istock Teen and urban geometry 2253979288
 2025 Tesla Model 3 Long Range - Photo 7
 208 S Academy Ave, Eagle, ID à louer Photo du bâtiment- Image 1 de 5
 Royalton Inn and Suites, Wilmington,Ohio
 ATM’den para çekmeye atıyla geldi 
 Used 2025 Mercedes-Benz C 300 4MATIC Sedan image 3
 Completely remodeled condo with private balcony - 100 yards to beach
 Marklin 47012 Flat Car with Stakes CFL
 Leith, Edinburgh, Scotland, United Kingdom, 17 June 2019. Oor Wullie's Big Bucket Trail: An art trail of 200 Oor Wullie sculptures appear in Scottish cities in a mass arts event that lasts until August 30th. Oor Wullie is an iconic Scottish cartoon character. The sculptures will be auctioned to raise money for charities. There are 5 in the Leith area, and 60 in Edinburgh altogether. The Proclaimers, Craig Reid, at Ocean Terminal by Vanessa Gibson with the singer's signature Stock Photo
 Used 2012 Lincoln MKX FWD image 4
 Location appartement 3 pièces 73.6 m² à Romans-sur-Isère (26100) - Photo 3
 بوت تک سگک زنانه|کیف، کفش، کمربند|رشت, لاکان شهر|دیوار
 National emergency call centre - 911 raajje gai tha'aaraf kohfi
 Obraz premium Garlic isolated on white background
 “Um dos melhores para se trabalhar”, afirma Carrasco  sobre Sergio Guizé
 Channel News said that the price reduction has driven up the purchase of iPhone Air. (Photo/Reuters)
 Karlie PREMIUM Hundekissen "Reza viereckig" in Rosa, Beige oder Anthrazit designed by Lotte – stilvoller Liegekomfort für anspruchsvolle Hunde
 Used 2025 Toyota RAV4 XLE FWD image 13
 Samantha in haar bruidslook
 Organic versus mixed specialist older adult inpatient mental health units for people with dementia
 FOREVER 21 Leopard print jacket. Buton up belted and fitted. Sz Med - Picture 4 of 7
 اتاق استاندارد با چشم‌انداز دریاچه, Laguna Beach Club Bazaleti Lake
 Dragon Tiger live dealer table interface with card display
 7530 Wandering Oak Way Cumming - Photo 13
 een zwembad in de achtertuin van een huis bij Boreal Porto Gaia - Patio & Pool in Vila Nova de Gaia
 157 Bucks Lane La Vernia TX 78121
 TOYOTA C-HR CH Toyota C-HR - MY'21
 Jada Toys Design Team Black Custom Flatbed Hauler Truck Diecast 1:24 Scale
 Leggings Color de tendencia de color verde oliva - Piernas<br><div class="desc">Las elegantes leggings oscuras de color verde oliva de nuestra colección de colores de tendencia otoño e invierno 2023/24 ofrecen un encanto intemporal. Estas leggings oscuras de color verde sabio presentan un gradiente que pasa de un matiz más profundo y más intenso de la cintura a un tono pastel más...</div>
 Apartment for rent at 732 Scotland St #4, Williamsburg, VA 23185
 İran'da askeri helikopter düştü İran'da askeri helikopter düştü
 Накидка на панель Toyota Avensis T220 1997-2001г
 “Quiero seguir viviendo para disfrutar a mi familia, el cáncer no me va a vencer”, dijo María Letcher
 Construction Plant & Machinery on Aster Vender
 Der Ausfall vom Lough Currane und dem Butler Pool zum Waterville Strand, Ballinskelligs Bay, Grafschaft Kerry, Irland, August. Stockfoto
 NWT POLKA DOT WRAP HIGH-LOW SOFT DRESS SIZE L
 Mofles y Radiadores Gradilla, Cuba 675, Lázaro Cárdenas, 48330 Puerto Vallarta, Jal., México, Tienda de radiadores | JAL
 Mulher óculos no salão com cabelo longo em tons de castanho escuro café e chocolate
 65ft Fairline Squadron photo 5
________________________________________
Task description
Within the material above, transcribe exactly the lines that run from the line holding "بوت تک سگک زنانه|کیف،" through the line holding "Organic versus mixed".

Solution to the problem
 بوت تک سگک زنانه|کیف، کفش، کمربند|رشت, لاکان شهر|دیوار
 National emergency call centre - 911 raajje gai tha'aaraf kohfi
 Obraz premium Garlic isolated on white background
 “Um dos melhores para se trabalhar”, afirma Carrasco  sobre Sergio Guizé
 Channel News said that the price reduction has driven up the purchase of iPhone Air. (Photo/Reuters)
 Karlie PREMIUM Hundekissen "Reza viereckig" in Rosa, Beige oder Anthrazit designed by Lotte – stilvoller Liegekomfort für anspruchsvolle Hunde
 Used 2025 Toyota RAV4 XLE FWD image 13
 Samantha in haar bruidslook
 Organic versus mixed specialist older adult inpatient mental health units for people with dementia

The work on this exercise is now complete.